The major catalyst in the development of the EC Single Intemal Market was the passage of the Single European Act in 1985. This act went into effect in 1987 and enables the Council of Ministers to adopt an Intemal Market directive or regulation on the strength of a qualified majority, or 54 of 76 votes. Council votes are assigned by a weighted average. Previously, the Council of Ministers had to reach unanimous agreement for a directive to pass. A unanimous vote is required for fiscal matters, decisions on the free movement of persons, and directives or regulations on the rights and interests of employed persons.
As of mid-1989, the EC Commission had proposed 279 directives and regulations. The EC Council of Ministers adopted 156 of those proposals, 41 percent of the total to be acted on. Member states must enforce a regulation immediately after the Council of Ministers passes it. After a directive is adopted, the Commission allows a period of from 18 months to two years for member states to implement the provision. By mid-1989, the EC Commission had proposed 87 percent of the legislation for the 1992 program. The remaining 13 percent of the program is in draft form.
The Single Intemal Market program will force European companies to become more competitive since they will no longer be guaranteed business in a protected home market. At the same time, American exporters will be able to manufacture to a single set of product standards as the EC adopts uniform standards for the entire Community. Previously, each country set its own standards.
The EC 1992 program also proposes to open for competition public procurement sectors in water, energy, transport services, and telecommunications. However, firms that want to bid on a project must meet a 50 percent local content requirement. Because of this rule, American firms with subsidiaries in the EC can take advantage of the liberalization of the public procurement sector more easily than can U.S. exporters.

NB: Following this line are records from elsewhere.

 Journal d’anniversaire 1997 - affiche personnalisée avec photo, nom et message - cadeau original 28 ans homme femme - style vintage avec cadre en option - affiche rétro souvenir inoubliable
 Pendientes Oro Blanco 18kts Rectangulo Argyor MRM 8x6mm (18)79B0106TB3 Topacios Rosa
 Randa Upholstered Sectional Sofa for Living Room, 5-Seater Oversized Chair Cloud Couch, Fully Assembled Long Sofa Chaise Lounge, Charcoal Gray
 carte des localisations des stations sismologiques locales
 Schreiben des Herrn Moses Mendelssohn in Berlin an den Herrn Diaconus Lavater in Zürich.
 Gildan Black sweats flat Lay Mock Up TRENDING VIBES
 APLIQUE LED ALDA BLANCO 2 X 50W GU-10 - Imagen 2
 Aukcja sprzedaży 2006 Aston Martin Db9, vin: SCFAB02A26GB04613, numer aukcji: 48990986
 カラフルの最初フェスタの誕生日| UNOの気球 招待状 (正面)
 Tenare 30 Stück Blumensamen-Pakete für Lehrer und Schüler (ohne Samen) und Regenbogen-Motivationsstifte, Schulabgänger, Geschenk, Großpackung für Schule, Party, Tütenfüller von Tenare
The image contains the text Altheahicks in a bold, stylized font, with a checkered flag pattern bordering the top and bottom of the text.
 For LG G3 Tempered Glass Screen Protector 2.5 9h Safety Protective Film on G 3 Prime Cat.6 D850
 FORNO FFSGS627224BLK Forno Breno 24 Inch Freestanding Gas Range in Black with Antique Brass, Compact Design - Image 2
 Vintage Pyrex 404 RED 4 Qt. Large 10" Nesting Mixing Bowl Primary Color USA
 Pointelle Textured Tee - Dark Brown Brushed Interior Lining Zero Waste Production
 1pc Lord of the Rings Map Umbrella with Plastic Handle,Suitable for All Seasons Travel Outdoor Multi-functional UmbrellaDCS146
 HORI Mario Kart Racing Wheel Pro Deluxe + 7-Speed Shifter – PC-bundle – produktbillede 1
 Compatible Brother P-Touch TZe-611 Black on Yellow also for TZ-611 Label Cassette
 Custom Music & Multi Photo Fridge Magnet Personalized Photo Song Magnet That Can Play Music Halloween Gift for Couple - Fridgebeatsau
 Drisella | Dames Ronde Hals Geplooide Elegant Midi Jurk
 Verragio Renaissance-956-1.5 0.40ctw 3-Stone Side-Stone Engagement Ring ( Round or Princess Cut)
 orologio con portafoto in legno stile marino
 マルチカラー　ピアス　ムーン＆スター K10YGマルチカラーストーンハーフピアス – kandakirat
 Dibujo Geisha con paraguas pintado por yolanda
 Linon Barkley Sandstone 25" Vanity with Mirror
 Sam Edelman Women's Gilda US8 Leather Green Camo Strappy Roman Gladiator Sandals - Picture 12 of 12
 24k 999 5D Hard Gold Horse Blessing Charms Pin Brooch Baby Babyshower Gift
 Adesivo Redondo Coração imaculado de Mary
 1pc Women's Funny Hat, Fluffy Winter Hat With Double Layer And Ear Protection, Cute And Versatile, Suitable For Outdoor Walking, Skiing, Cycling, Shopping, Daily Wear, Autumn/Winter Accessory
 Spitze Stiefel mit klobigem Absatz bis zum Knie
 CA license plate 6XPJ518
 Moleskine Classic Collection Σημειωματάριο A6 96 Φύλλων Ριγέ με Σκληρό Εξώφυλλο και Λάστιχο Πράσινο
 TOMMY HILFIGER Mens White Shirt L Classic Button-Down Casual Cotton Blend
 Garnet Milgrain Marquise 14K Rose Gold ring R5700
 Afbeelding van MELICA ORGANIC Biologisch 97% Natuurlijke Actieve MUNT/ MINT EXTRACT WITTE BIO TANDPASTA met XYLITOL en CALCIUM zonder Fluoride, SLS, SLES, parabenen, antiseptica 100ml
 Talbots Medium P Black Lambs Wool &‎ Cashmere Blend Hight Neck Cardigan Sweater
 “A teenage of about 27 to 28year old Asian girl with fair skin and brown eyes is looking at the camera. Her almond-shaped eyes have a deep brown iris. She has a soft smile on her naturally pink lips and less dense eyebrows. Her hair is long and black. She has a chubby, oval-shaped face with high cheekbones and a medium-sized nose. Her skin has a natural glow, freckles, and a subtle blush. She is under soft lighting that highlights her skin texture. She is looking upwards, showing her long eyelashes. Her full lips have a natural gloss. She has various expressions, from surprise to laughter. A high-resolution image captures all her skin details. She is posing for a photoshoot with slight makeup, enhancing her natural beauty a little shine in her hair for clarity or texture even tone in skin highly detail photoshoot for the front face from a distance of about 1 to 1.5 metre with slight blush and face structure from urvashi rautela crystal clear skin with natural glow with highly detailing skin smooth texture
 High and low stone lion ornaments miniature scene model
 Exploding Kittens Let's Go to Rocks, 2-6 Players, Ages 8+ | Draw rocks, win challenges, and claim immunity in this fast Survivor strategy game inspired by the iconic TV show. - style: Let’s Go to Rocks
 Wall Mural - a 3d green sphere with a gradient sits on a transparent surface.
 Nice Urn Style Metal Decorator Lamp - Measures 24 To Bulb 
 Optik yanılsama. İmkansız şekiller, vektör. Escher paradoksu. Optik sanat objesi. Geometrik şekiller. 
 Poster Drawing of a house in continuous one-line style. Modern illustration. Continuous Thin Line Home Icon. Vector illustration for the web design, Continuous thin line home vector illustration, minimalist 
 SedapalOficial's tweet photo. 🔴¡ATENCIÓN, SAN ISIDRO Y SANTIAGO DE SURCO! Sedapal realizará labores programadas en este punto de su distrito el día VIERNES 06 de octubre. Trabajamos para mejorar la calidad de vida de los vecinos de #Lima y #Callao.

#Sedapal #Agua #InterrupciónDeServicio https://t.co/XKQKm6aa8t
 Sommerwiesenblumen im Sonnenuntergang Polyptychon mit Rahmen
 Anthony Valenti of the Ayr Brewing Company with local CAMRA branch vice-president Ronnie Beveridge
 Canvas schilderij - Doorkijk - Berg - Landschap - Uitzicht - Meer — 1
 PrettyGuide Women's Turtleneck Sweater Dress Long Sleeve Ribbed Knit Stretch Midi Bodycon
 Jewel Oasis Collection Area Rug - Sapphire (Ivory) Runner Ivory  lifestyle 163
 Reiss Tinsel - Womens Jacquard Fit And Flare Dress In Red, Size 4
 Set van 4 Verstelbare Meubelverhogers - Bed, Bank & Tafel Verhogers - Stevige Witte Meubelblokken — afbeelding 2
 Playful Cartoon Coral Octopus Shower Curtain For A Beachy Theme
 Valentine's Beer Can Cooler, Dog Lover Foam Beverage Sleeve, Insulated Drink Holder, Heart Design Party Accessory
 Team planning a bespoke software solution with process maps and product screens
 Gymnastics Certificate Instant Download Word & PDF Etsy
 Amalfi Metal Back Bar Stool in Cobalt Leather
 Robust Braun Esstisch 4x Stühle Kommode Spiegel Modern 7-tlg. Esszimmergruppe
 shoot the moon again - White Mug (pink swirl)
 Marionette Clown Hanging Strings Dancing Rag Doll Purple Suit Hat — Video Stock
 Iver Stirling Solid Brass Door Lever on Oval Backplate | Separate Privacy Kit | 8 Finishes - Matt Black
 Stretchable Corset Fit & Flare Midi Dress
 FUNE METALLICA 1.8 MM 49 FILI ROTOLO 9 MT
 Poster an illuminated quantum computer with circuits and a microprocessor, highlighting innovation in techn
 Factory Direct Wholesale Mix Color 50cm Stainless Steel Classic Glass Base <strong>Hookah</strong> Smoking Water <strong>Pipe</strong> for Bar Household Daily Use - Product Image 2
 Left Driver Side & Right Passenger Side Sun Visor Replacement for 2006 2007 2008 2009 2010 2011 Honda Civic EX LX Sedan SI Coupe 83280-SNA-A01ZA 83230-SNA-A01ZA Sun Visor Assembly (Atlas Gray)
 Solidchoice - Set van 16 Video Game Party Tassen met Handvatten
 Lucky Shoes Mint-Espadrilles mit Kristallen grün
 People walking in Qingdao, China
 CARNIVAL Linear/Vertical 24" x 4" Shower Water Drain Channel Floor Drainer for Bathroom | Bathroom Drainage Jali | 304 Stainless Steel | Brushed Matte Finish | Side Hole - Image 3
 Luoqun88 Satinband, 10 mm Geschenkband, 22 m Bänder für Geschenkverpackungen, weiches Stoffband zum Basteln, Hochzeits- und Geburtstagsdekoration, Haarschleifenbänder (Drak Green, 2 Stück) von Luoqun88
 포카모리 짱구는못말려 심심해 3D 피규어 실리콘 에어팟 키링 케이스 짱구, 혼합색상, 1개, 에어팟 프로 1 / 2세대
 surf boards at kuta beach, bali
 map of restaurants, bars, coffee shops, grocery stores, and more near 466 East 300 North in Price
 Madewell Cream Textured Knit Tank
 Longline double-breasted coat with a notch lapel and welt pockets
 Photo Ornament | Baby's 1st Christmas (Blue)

U.S. companies must now think of the European Community as a single market, rather than 12 separate and fragmented ones. Although EC member countries will still maintain their national identities, national borders will no longer be synonymous with trade barriers. U.S. managers and executives will have to rethink their strategies in marketing, finance, distribution, and production.
The EC is the most important export market for the United States, and the United Kingdom is the largest country market for U.S. goods in the EC. U.S. exports to the EC were $86.3 billion in 1989, an increase of 12 percent over the previous year. The U.S. had a trade surplus with the EC for the first time in five years.
EC firms are strengthening themselves by purchasing new capital goods. Last year, U.S. exports of manufactured goods, which account for more than three-quarters of trade, reached a record $67 billion. Machinery and transportation product exports to the EC in 1988 accounted for 47.5 percent of total U.S. exports to that market. This was partly a result of market opportunities created by companies preparing themselves for the 1992 program.
Strong U.S. export growth is expected to continue as solid European economic expansion and the Single Internal Market stimulate increased trade opportunities. The EC is now achieving real economic growth, led by investment spending and a buoyant business confidence, as it restructures itself into a Single Internal Market. In the 12-nation EC, economic growth of 3.7 percent in 1988 in real terms was the highest in more than a decade. Growth is expected to stabilize at the 3 percent level through 1990.